Ha ha, yeah me too... i bought a 25kg bog of maris otter and thought it would be eash to store in a spare clean fermenter... not the case. After 2 brews and filling a fermenter i have about 7kg stored in other bags around the place lol.

Who on earth asked that silly question about the fire extinguisher???

Anyway we have been considering moving house to plan for a family but also to accomodate my hobby witjout compromising the functionality of the house lol
 
I think the duvet mod may be a bit OTT, have you checked out the lid space for insulation, most if not all coldboxes just rely on a air gap in the lid to insulate,
filling the lid space with perlite or vermiculite from the garden centre is cheap n easy some use expanding builders foam, i used bubblewrap in mine..

Also are you pre heating the tun simply pouring in a couple of off the boil kettle fulls of water 15-20 mins prior to mashing and leaving to heat up the tun helps a LOT. just disgard the water before you mash ;)

2-3C isnt too bad a drop mash at 68C to start rather than 67C perhaps.

However i think if not preheating and using an uninsulated lid making those changes to the brewday may just sort you out.

with batch sparging (way simpler) the efficiency can take a minor hit, to counter this i add a couple of handfulls of extra grain.

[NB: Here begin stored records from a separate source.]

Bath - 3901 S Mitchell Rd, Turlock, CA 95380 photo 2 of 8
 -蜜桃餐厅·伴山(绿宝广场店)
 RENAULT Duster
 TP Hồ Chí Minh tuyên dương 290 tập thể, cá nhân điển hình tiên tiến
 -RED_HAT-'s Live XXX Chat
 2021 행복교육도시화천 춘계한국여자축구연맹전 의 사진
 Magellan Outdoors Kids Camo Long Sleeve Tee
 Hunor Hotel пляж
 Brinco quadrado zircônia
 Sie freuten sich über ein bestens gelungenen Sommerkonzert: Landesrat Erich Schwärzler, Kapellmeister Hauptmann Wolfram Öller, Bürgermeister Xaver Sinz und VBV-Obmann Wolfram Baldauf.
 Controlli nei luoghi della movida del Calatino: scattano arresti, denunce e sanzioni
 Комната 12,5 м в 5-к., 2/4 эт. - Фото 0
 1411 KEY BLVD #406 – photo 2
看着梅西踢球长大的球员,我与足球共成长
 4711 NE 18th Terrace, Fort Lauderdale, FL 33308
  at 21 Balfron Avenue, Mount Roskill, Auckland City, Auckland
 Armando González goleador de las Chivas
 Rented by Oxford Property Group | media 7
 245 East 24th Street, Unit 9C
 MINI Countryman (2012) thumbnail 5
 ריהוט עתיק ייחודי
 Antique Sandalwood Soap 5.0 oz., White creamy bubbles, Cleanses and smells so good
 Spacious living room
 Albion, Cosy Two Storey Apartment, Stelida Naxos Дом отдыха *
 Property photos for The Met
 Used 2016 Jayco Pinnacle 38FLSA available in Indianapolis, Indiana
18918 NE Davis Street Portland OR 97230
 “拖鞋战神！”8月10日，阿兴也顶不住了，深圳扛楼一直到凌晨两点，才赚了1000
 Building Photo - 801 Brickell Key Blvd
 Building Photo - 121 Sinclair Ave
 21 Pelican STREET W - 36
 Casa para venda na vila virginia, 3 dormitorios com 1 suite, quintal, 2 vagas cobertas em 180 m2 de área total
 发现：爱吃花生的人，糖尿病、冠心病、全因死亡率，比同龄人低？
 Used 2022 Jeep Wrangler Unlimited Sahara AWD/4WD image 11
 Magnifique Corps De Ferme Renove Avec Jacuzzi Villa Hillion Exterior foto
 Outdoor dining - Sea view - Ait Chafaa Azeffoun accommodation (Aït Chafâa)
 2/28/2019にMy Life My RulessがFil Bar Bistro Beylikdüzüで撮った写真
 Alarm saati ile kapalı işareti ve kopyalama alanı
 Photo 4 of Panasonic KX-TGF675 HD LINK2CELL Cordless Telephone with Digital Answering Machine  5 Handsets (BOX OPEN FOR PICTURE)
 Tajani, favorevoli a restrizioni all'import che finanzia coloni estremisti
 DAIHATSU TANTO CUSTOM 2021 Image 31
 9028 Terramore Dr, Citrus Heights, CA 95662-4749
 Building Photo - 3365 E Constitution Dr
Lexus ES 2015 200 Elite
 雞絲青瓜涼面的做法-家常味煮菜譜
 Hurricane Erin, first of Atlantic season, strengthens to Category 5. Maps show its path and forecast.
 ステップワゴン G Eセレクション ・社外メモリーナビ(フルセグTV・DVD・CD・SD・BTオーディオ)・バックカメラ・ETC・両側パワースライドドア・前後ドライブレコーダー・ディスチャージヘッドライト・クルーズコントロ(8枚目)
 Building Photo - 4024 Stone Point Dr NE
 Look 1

Tho if after a few weeks brewing your already hitting gravity targets and just falling short on the volume targets i would say your doing well :drunk::thumb:

No two small scale breweries will work the same way and the nuances of your kit will become clearer as you use it, i found it usefull when derived to write such things as deadspace and ideal strike temp on my tun in sharpie pen for a quick brewday reference..

ps best cure for supping a beer thats not the clearest, use an opaque tankard or big china mug :doh:

kudos for investing in the thermopen, nice big display and fast to read, just be warned my first one was borrowed by the G/f for cooking and never returned.. :whistle:
 
After reading this thread, I realised that I was quite lucky in the mash tun department. Mine worked like a charm since I got it. I started doing AG and was using a standard Argos cheapy 40L cooler. I did not want to drill holes in it, so I used two grain bags inside it. I would pour the grains into the bags, do the mash and use my auto-syphon to pull the wort out. It worked really well (when I wrapped my North Face winter jacket around it) and meant I could take my time to find the perfect cooler box to convert to a mash tun.

I saw one of these in Costco (sorry about the link to another forum, it is the only one I could find):
http://www.homebrewtalk.com/f257/60...-cheap-simple-144475/index16.html#post4167751

Our Argos cooler claims to keep food cold for about 12 hours. The new one claims to keep food cold for up to a week! It also had a tap drilled in the bottom. All I had to do was buy a standard stainless steel ball valve and associated fitting and that was it. I used a bazooka hop screen on the inside. I never had any issues with running off wort and the box is so well insulated that sometimes I loose less than 1C (when placed on a chair, not left on a clod floor). The only issue is that the ball valve is pretty much level with the bottom of the cooler, so I need to really careful not to rock it around when cleaning or carrying it around and end up bending the plastic, causing a leak in the process.

I am happy for share links to all the parts (a grand total of three) for this mash tun if anyone is looking to build one.
 
After reading this thread, I realised that I was quite lucky in the mash tun department. Mine worked like a charm since I got it. I started doing AG and was using a standard Argos cheapy 40L cooler. I did not want to drill holes in it, so I used two grain bags inside it. I would pour the grains into the bags, do the mash and use my auto-syphon to pull the wort out. It worked really well (when I wrapped my North Face winter jacket around it) and meant I could take my time to find the perfect cooler box to convert to a mash tun.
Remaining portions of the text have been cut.